It is the defining legislation of Barack Obama's presidency, a law that, once fully implemented, will provide health insurance for 30 million more Americans. But it has also been among the most divisive issues of Obama's first term in the White House.
It sparked vitriolic protests and helped mobilise what is now known as the anti-big government Tea Party movement.
"Tens of millions of other Americans will remain woefully under-insured with only partial coverage within so many gaps…that when they face a prolonged illness they can be bankrupted despite having private insurance."
- Stephanie Woolhandler, the co-founder of Physicians for a National Health Program
The health care law was challenged in the Supreme Court by 26 US states.
Opponents from the right accused the US president of trying to push through a government takeover of the health care system.
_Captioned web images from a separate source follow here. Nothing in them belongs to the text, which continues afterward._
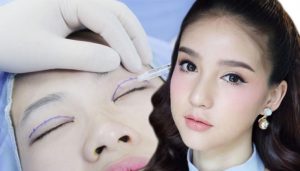 Vì sao chỉ nhấn mí bị tiêu hủy?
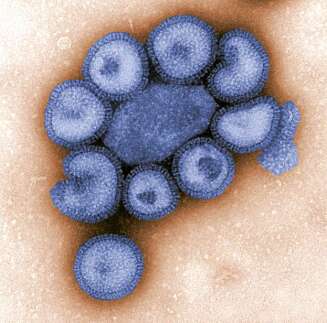 VIRUSET: Fotografi av Influensa A H1N1 gjennom mikroskop. VIRUSET: Fotografi av Influensa A H1N1 gjennom mikroskop.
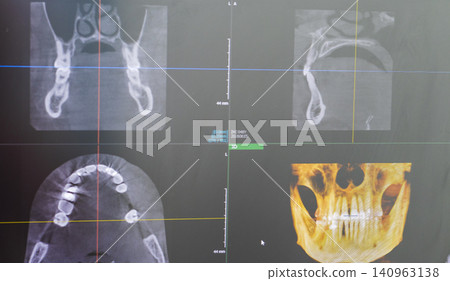 Dental cone beam computed tomography or CBCT diagnostic scan software displaying multi-planar views and a 3D maxillofacial reconstruction model. Healthcare Dental cone beam computed tomography or CBCT diagnostic scan software displaying multi-planar views and a 3D maxillofacial reconstruction model. Healthcare 140963138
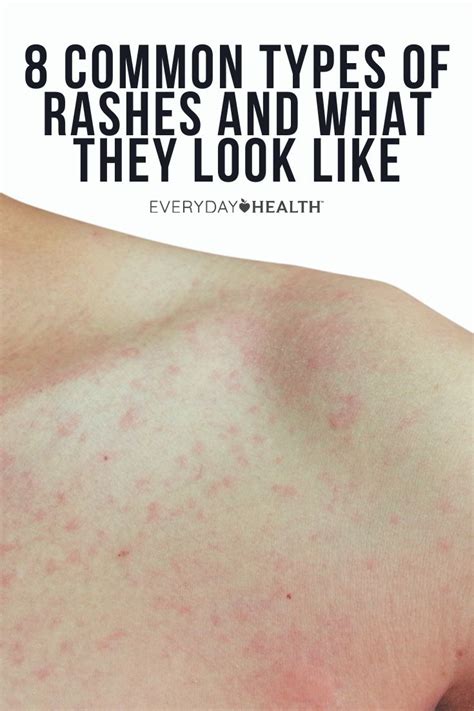 Skin Rashes Due To Heat In Body at Jamie Defranco blog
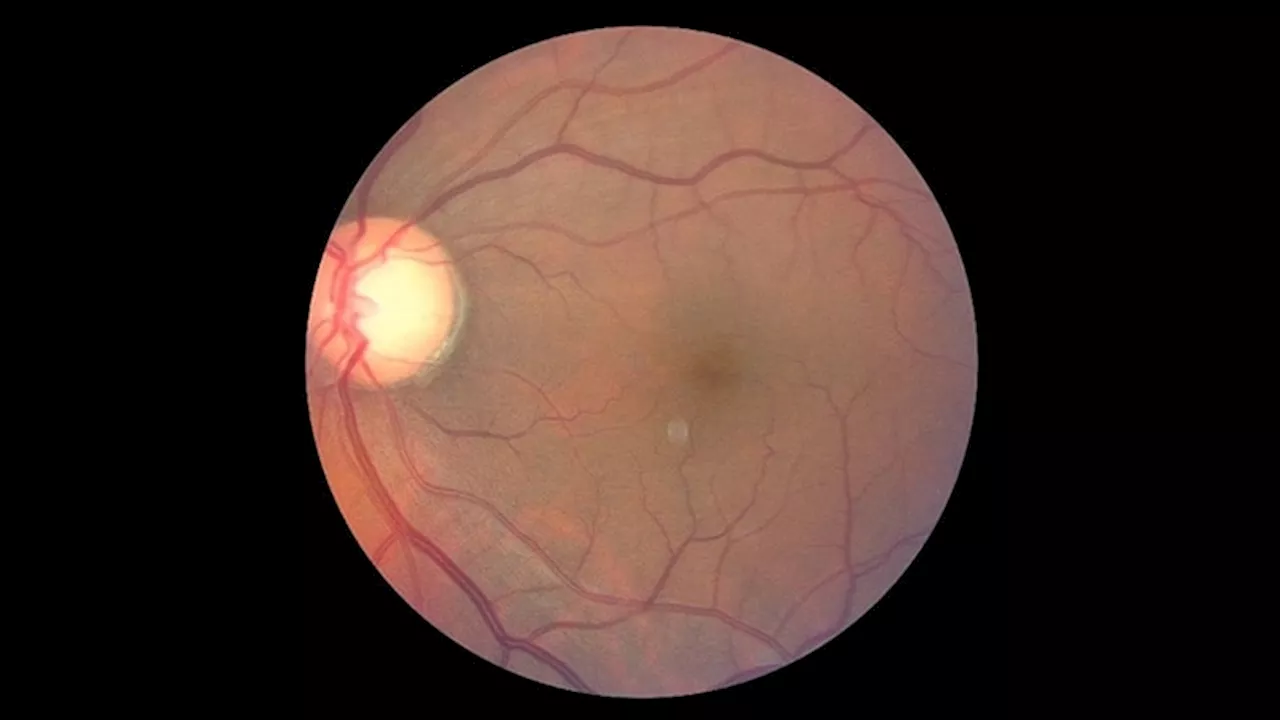 More Than 4 Million US Adults Had Glaucoma in 2022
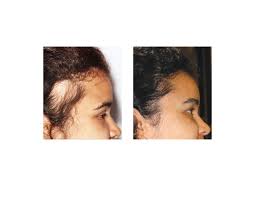 Image result for Alopecia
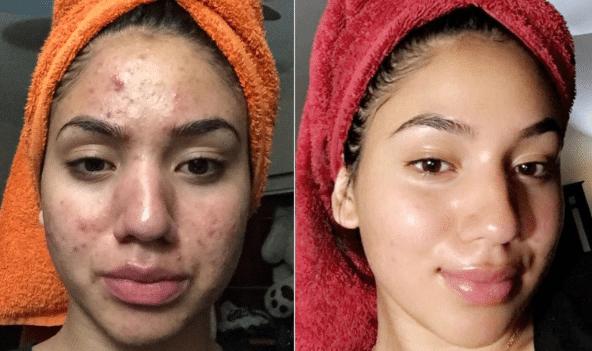 Clean Face Maske Kullananlar Yorumlarınız Nedir?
Opponents on the left said the law did not go far enough to insure that all Americans have affordable access to health care.
The question for the Supreme Court was whether Congress had the right to require all Americans to obtain health insurance. The law was upheld on Thursday.
But despite the court ruling the political rancour remains. In a speech after the decision was announced, he said it was time to move beyond that and focus on implementing and improving the law.
"It should be pretty clear by now that I didn't do this because it was good politics. I did it because I believed it was good for the country. I did it because it was good for the American people… The highest court in the land has now spoken. We will continue to implement this law and we'll work together to improve on it where we can.
"Jobs created in the last couple of quarters have been in health care, so health care is jobs. It's a real opportunity for the president to link those two messages, to link the economy, jobs, health care, all in one."
- Igor Volsky, the deputy editor of ThinkProgress.org
"But what we won't do, what the country can't afford to do, is re-fight the political battles of two years ago, or go back to the way things were. With today's announcement it's time for us to move forward to implement and where necessary to improve on this law."
Many Americans are just one health care crisis away from bankruptcy. It is an issue that impacts millions.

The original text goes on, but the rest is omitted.